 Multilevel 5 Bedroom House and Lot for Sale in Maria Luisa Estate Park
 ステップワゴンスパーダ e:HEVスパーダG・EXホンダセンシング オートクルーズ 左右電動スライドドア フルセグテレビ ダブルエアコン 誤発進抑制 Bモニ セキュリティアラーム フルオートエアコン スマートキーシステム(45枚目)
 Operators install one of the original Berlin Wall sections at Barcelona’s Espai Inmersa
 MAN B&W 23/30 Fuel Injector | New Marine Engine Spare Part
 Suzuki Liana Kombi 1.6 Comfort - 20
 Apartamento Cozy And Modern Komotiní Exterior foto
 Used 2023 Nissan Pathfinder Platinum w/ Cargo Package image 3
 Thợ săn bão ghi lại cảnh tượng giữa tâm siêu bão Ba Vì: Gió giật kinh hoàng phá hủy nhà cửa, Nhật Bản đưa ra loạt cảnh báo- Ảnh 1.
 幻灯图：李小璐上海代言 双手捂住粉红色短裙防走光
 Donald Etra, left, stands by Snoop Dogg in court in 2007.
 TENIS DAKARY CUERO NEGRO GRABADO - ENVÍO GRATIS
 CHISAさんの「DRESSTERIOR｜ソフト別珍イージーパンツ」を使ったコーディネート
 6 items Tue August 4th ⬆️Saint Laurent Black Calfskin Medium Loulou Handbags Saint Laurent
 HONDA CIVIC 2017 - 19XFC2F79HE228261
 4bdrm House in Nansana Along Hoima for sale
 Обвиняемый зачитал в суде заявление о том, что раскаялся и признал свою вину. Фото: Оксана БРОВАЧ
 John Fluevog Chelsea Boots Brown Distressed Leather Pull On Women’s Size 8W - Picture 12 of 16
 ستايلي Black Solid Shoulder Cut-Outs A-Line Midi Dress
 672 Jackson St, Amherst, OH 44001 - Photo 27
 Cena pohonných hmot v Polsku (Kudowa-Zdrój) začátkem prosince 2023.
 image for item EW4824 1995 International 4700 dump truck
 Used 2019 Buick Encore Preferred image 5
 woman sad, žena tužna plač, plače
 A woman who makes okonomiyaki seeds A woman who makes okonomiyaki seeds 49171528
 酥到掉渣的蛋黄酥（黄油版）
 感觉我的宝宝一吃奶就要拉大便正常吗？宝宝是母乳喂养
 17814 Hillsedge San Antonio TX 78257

What is expected >>
Set down every line of the listing above again, exactly as given.

Finished exercise >>
 Multilevel 5 Bedroom House and Lot for Sale in Maria Luisa Estate Park
 ステップワゴンスパーダ e:HEVスパーダG・EXホンダセンシング オートクルーズ 左右電動スライドドア フルセグテレビ ダブルエアコン 誤発進抑制 Bモニ セキュリティアラーム フルオートエアコン スマートキーシステム(45枚目)
 Operators install one of the original Berlin Wall sections at Barcelona’s Espai Inmersa
 MAN B&W 23/30 Fuel Injector | New Marine Engine Spare Part
 Suzuki Liana Kombi 1.6 Comfort - 20
 Apartamento Cozy And Modern Komotiní Exterior foto
 Used 2023 Nissan Pathfinder Platinum w/ Cargo Package image 3
 Thợ săn bão ghi lại cảnh tượng giữa tâm siêu bão Ba Vì: Gió giật kinh hoàng phá hủy nhà cửa, Nhật Bản đưa ra loạt cảnh báo- Ảnh 1.
 幻灯图：李小璐上海代言 双手捂住粉红色短裙防走光
 Donald Etra, left, stands by Snoop Dogg in court in 2007.
 TENIS DAKARY CUERO NEGRO GRABADO - ENVÍO GRATIS
 CHISAさんの「DRESSTERIOR｜ソフト別珍イージーパンツ」を使ったコーディネート
 6 items Tue August 4th ⬆️Saint Laurent Black Calfskin Medium Loulou Handbags Saint Laurent
 HONDA CIVIC 2017 - 19XFC2F79HE228261
 4bdrm House in Nansana Along Hoima for sale
 Обвиняемый зачитал в суде заявление о том, что раскаялся и признал свою вину. Фото: Оксана БРОВАЧ
 John Fluevog Chelsea Boots Brown Distressed Leather Pull On Women’s Size 8W - Picture 12 of 16
 ستايلي Black Solid Shoulder Cut-Outs A-Line Midi Dress
 672 Jackson St, Amherst, OH 44001 - Photo 27
 Cena pohonných hmot v Polsku (Kudowa-Zdrój) začátkem prosince 2023.
 image for item EW4824 1995 International 4700 dump truck
 Used 2019 Buick Encore Preferred image 5
 woman sad, žena tužna plač, plače
 A woman who makes okonomiyaki seeds A woman who makes okonomiyaki seeds 49171528
 酥到掉渣的蛋黄酥（黄油版）
 感觉我的宝宝一吃奶就要拉大便正常吗？宝宝是母乳喂养
 17814 Hillsedge San Antonio TX 78257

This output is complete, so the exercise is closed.